WHAT TO WORK ON
Every record below should be printed again exactly, with its pictures removed.

SOURCE RECORDS
==========

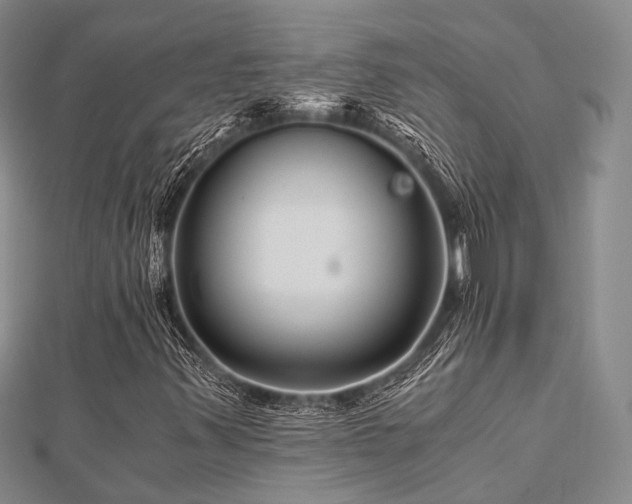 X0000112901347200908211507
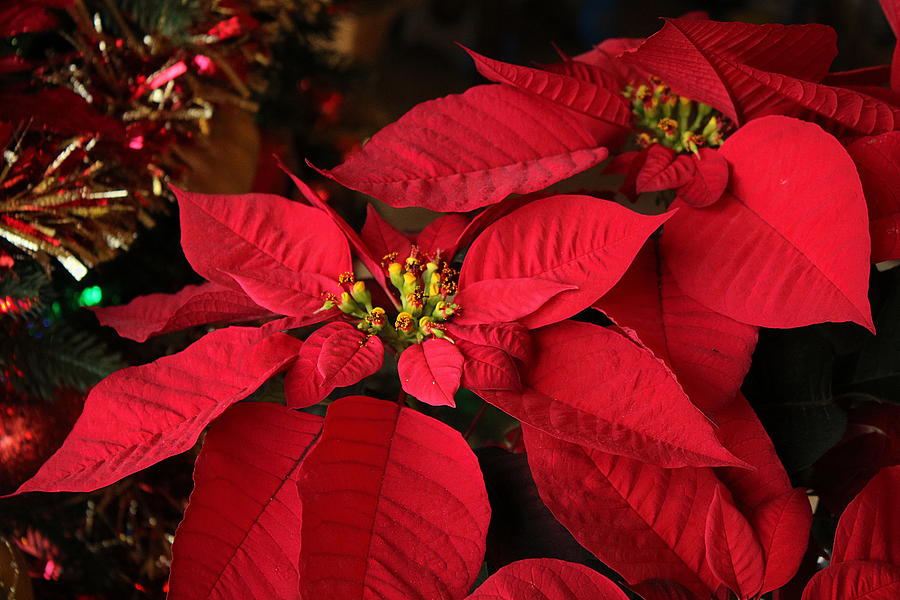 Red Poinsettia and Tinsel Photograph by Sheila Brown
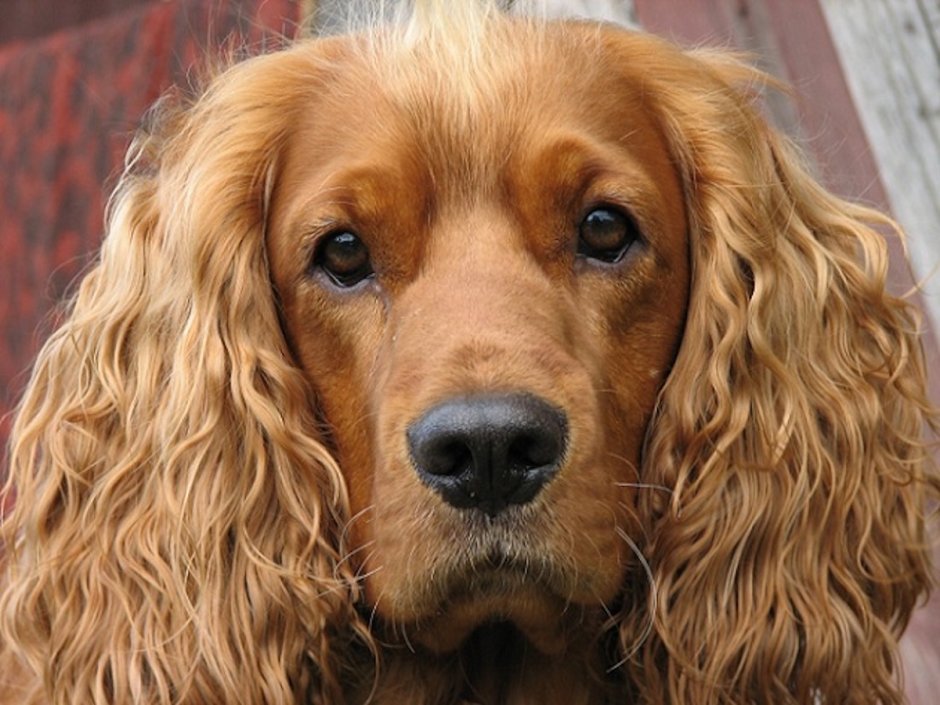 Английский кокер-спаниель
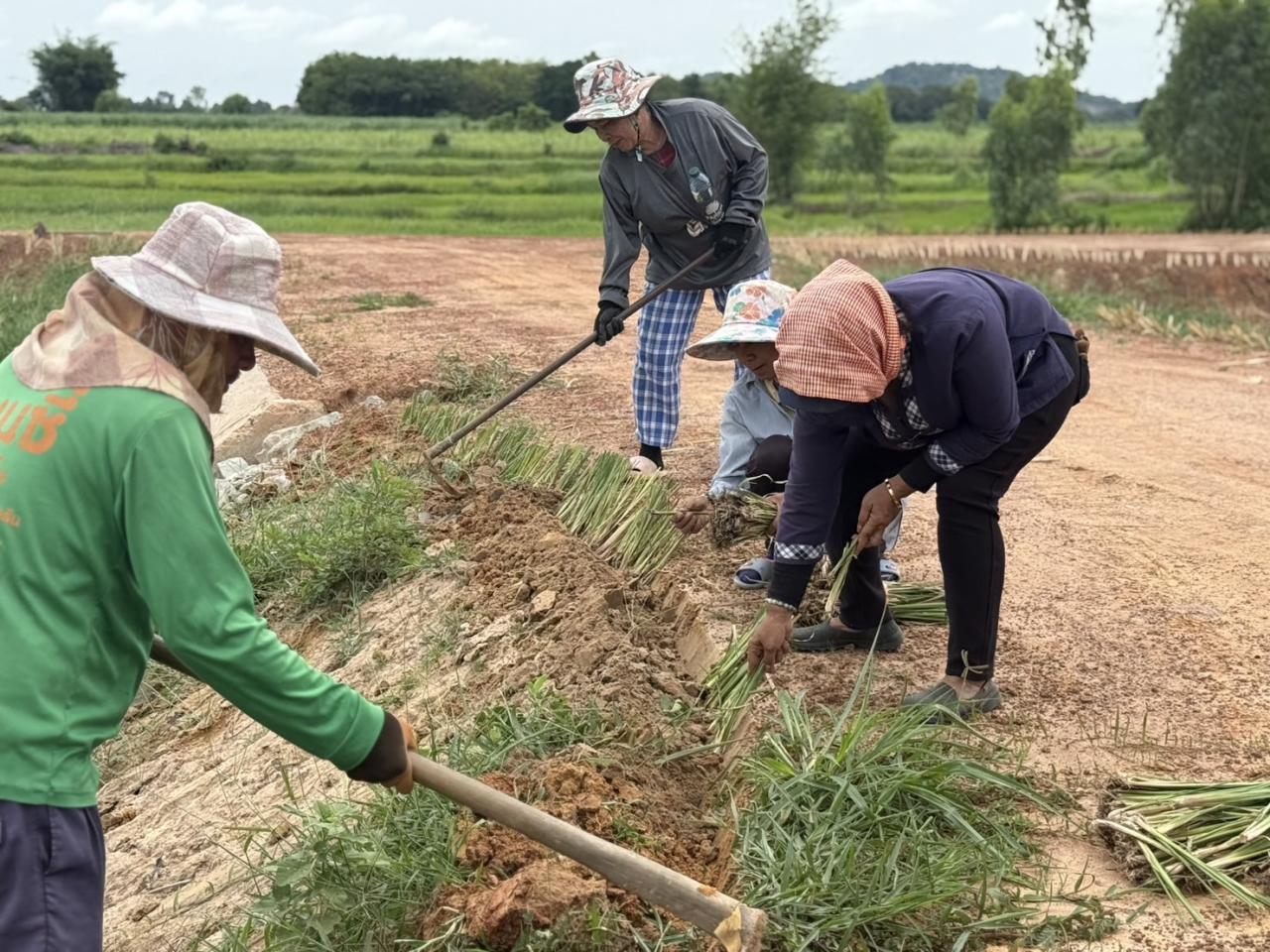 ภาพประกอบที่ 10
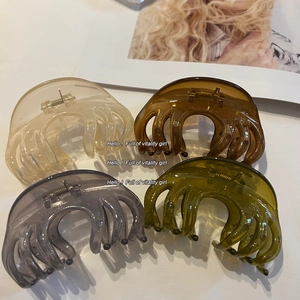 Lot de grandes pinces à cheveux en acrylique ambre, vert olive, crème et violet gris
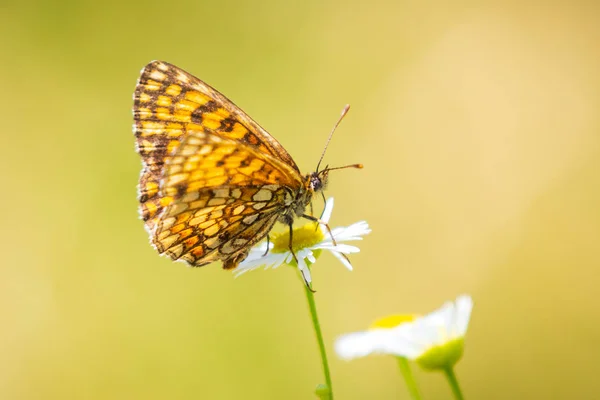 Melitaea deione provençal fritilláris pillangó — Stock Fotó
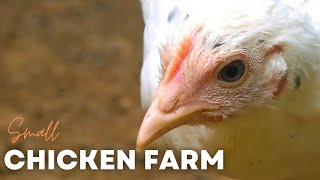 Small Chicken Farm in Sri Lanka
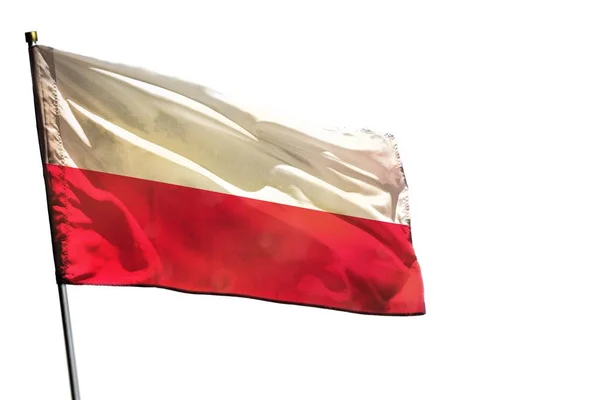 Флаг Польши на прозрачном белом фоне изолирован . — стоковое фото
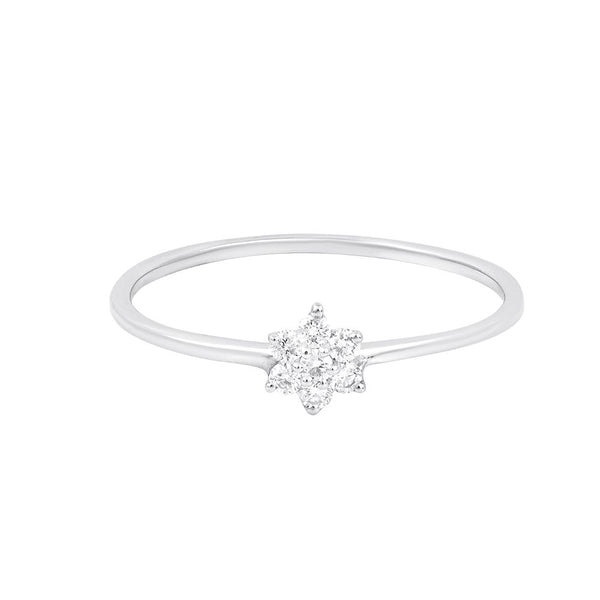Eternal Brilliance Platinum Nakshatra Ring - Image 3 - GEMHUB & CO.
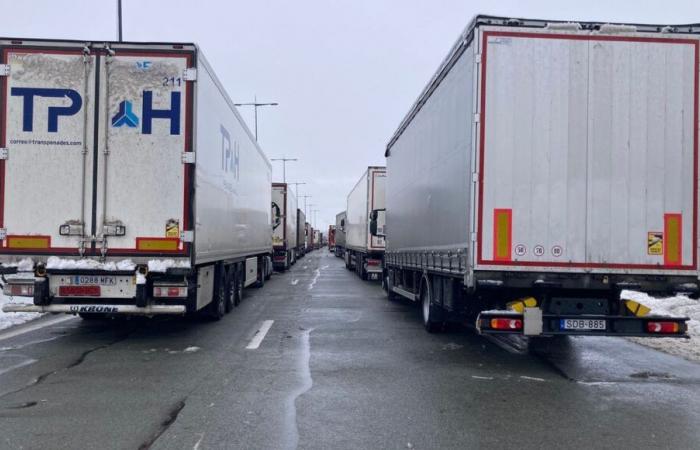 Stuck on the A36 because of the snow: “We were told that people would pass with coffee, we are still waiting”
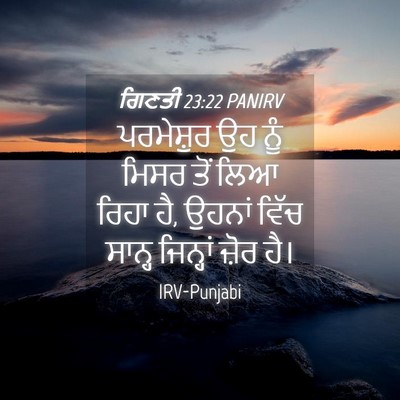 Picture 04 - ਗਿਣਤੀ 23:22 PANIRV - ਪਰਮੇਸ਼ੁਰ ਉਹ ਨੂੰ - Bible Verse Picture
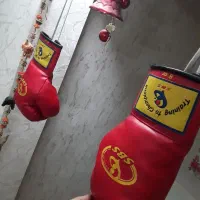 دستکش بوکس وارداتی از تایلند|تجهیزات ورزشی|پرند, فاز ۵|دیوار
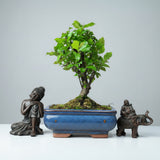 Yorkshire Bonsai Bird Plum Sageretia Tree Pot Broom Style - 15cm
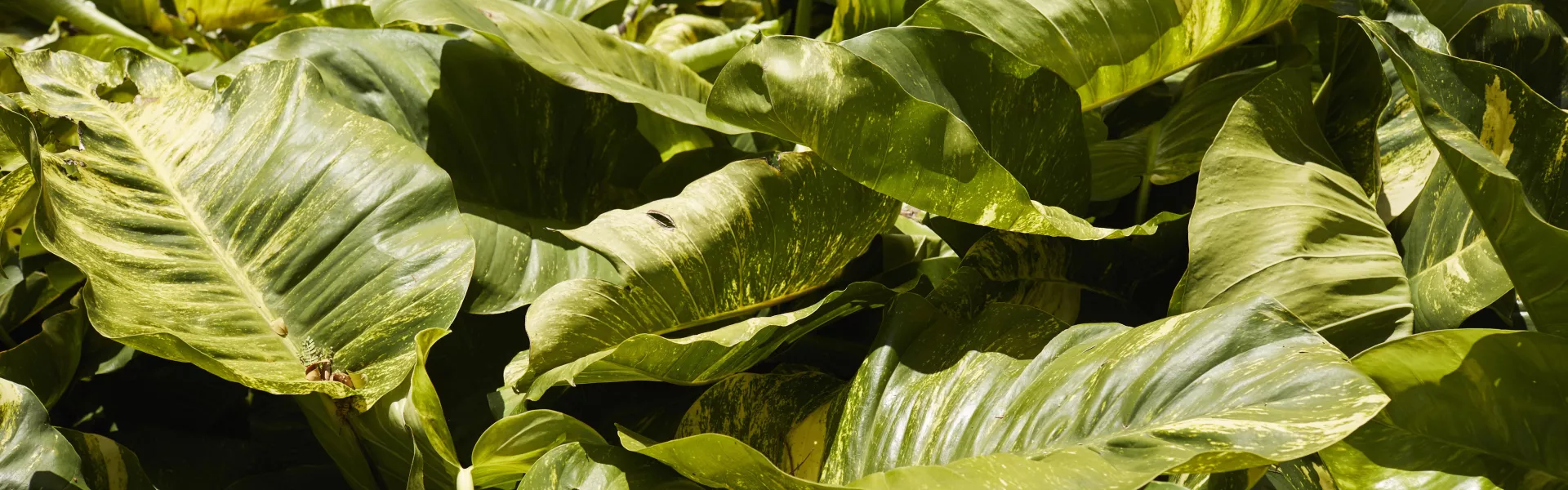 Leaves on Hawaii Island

==========

OUTPUT OF THE TASK
 X0000112901347200908211507
 Red Poinsettia and Tinsel Photograph by Sheila Brown
 Английский кокер-спаниель
 ภาพประกอบที่ 10
 Lot de grandes pinces à cheveux en acrylique ambre, vert olive, crème et violet gris
 Melitaea deione provençal fritilláris pillangó — Stock Fotó
 Small Chicken Farm in Sri Lanka
 Флаг Польши на прозрачном белом фоне изолирован . — стоковое фото
Eternal Brilliance Platinum Nakshatra Ring - Image 3 - GEMHUB & CO.
 Stuck on the A36 because of the snow: “We were told that people would pass with coffee, we are still waiting”
 Picture 04 - ਗਿਣਤੀ 23:22 PANIRV - ਪਰਮੇਸ਼ੁਰ ਉਹ ਨੂੰ - Bible Verse Picture
 دستکش بوکس وارداتی از تایلند|تجهیزات ورزشی|پرند, فاز ۵|دیوار
 Yorkshire Bonsai Bird Plum Sageretia Tree Pot Broom Style - 15cm
 Leaves on Hawaii Island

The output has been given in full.